Christian Tetzlaff

Christian Tetzlaff

Christian Tetzlaff is one of the most sought-after violinists of our time. "The greatest performance of the work I’ve ever heard" wrote Tim Ashley in the Guardian about his interpretation of Beethoven's violin concerto with Daniel Harding. Concerts featuring Christian Tetzlaff often turn into an existential experience for the performer and audience in equal measure, with old and familiar pieces appearing in a completely new light. But he also draws attention to forgotten masterpieces again and again and tries to establish new works of substance in the repertoire. He maintains an unusually broad repertoire and gives around 100 concerts a year.
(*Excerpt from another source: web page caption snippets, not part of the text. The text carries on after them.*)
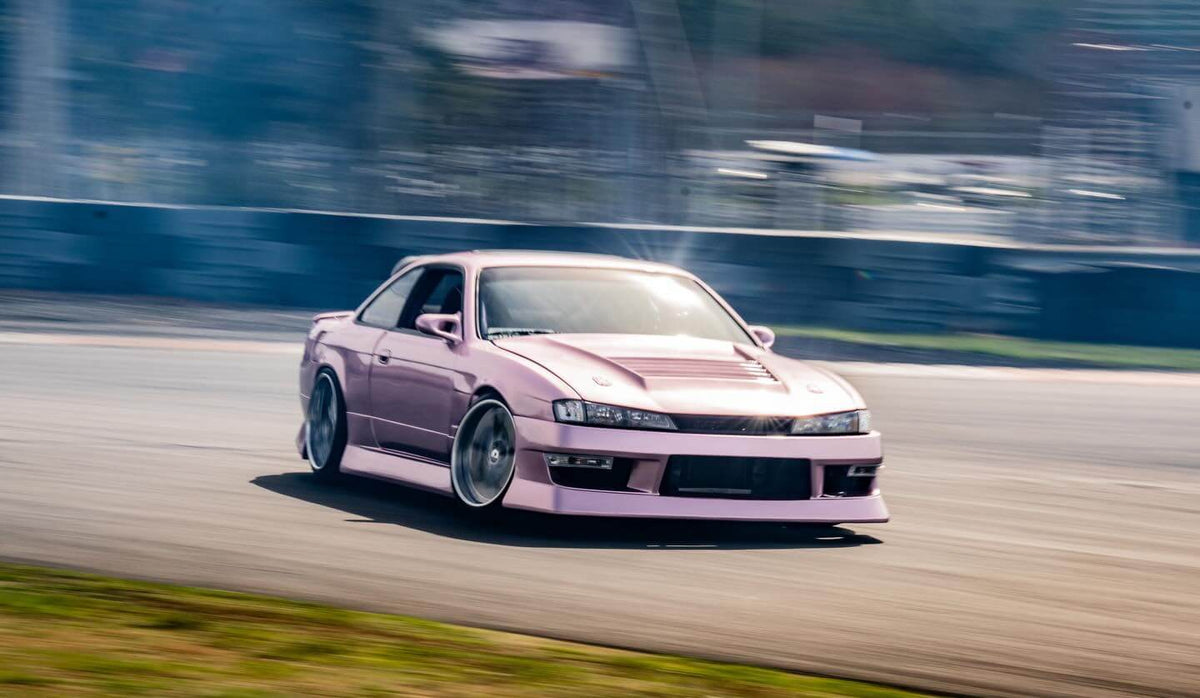 Tamco Paint Monroe Pink on Nissan Silvia S14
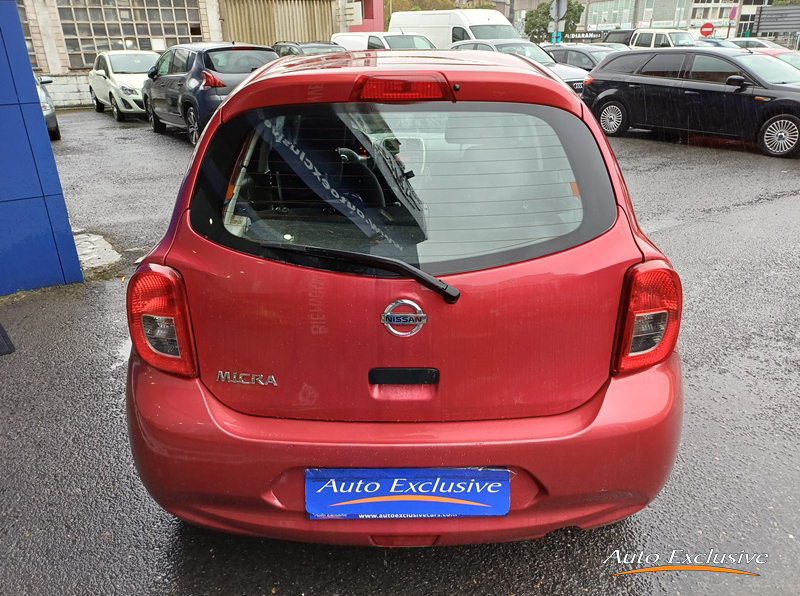 NISSAN MICRA 1.2 ACENTA 80CV 5P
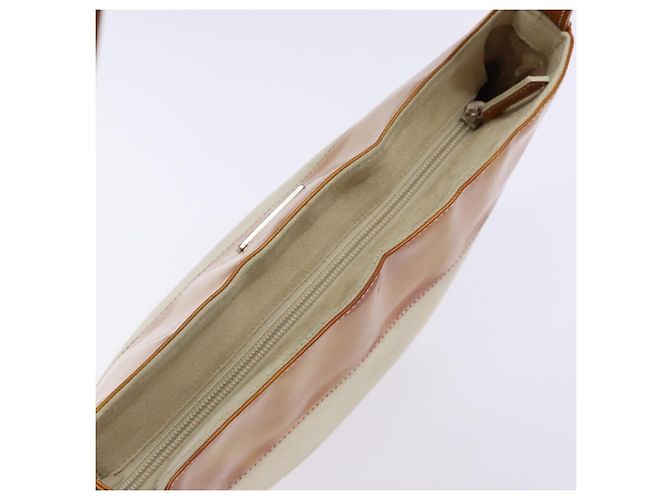 Borsa a Spalla GUCCI Smalto Arancione Argento 000 1013 0555 Auth bs29061 - vista 6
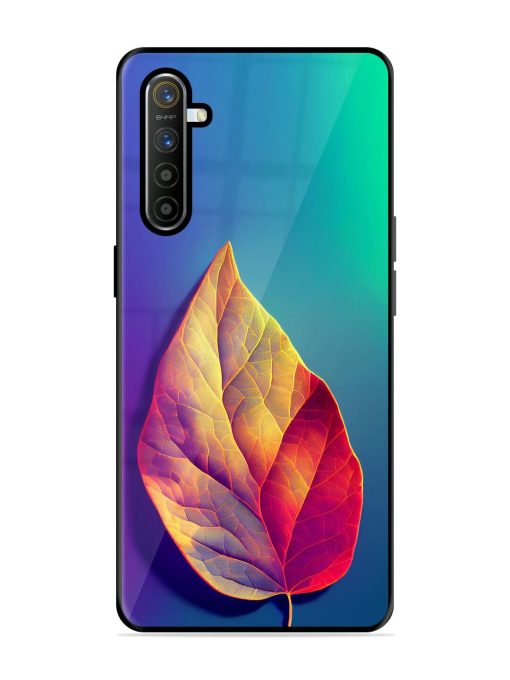 Autumn'S Embrace Glossy Soft Edge Case for Realme X2 Chachhi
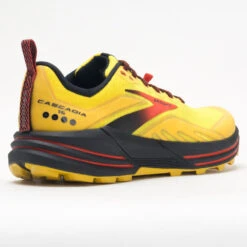 Brooks Cascadia 16 Men's Yellow/Black/Grenadine -Shoe Haven Shop 047324 6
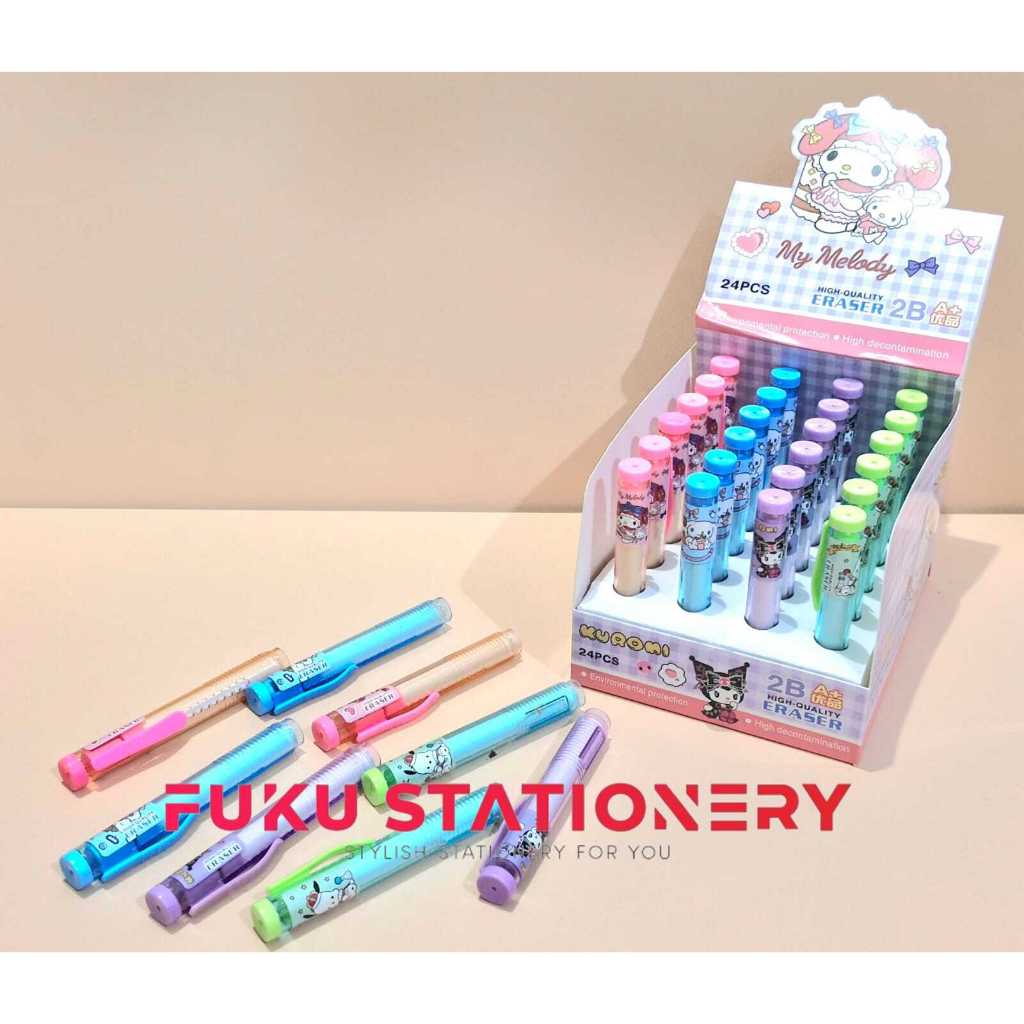 

1 Pcs - Penghapus SLIDING / GESER - SANRIO - FANCY
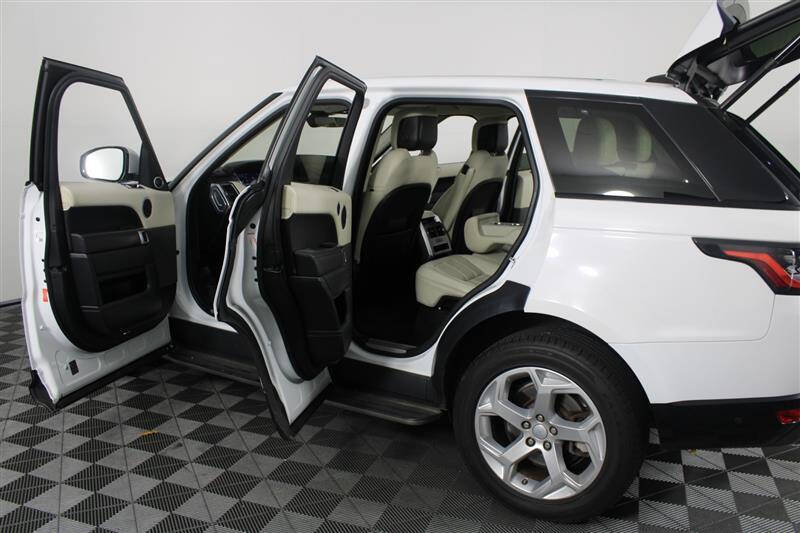 2019 Land Rover Range Rover Sport HSE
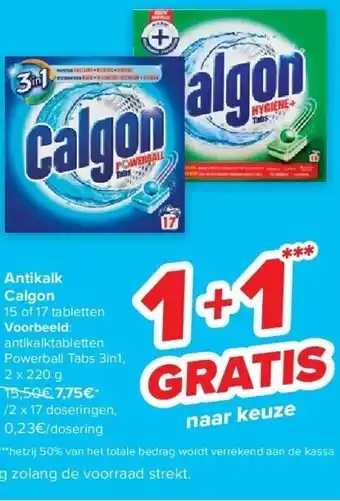 Antikalk calgon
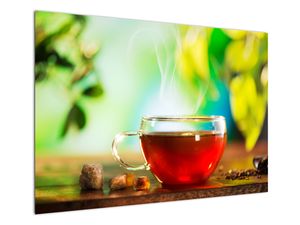 Obraz - Martwa natura z herbatą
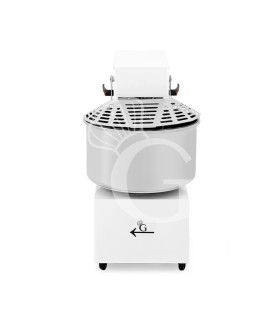 Impastatrice a spirale vasca estraibile - 32 LT - Monofase - 1 velocità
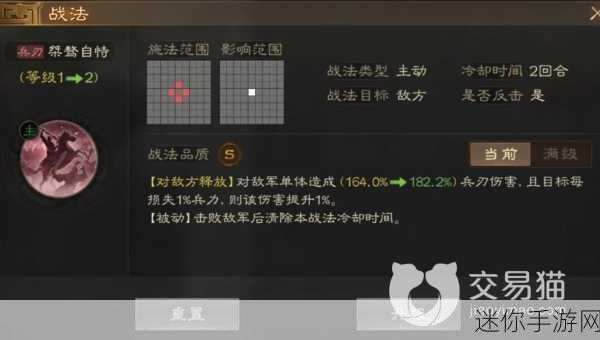 三国志战棋版华雄阵容，无敌之策的深度剖析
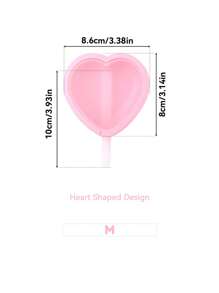 Joivida 1 molde de silicona para helados, molde DIY para paletas - Rosa - Ver 11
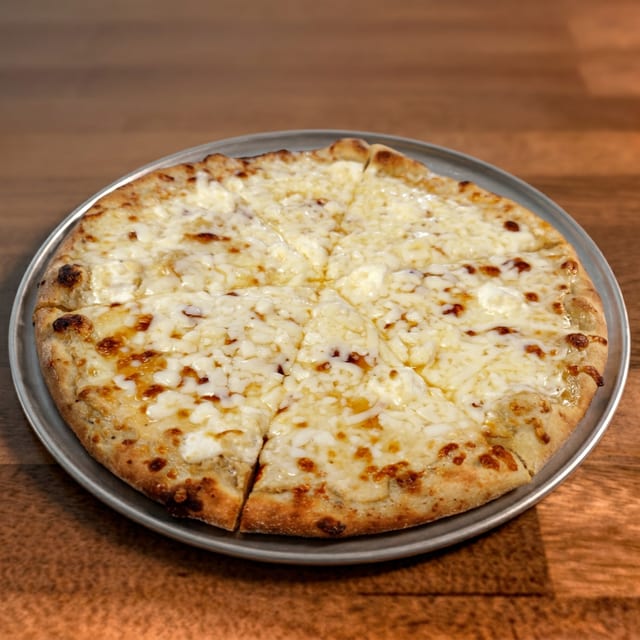 White Out Pizza.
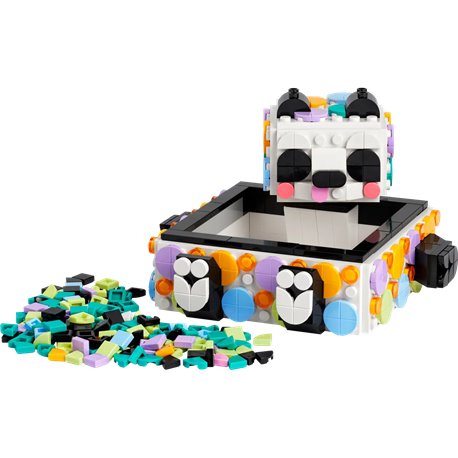 LEGO Dots 41959 Pojemnik z uroczą pandą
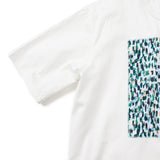 スクエアプリントTシャツ【Made in Japan】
Christian Tetzlaff has been "Artist in Residence" at the Berlin Philharmonic, featured in a series of concerts spanning several seasons with the orchestra of the New York Met under James Levine, and is a regular guest of the Vienna and New York Philharmonics, the Concertgebouworkest Amsterdam and the great London orchestras, amongst others, working with conductors such as Andris Nelsons, Robin Ticciati and Vladimir Jurowski.

What makes this musician, born in Hamburg in 1966 but now living in Berlin with his family, so unique – besides his great violinistic mastery – are primarily three things: He takes the sheet music literally, understands music as a language, and reads the great works as narratives treating of central experiences. To communicate that to the audience is Christian Tetzlaff's aim. As a violinist he tries to disappear behind the work – but this is precisely what makes his interpretations so highly individual. Christian Tetzlaff "speaks" with his violin, his playing embraces a broad range of expressive possibilities and is not only geared to melodiousness and virtuoso brilliance.

Christian Tetzlaff started his own string quartet as long ago as 1994, and chamber music has remained just as dear to his heart to this day as his work as a soloist with and without orchestra. Amongst other honours, the Tetzlaff Quartet has been awarded the Diapason d’or, and the trio with his sister Tanja Tetzlaff and the pianist Lars Vogt was nominated for a Grammy. But Christian Tetzlaff has garnered many awards for his CD recordings as a soloist, too. 2017 saw the release of a new solo recording of the sonatas and partitas by Bach.

Christian Tetzlaff plays a violin by German violin maker Peter Greiner and regularly teaches at the Kronberg Academy.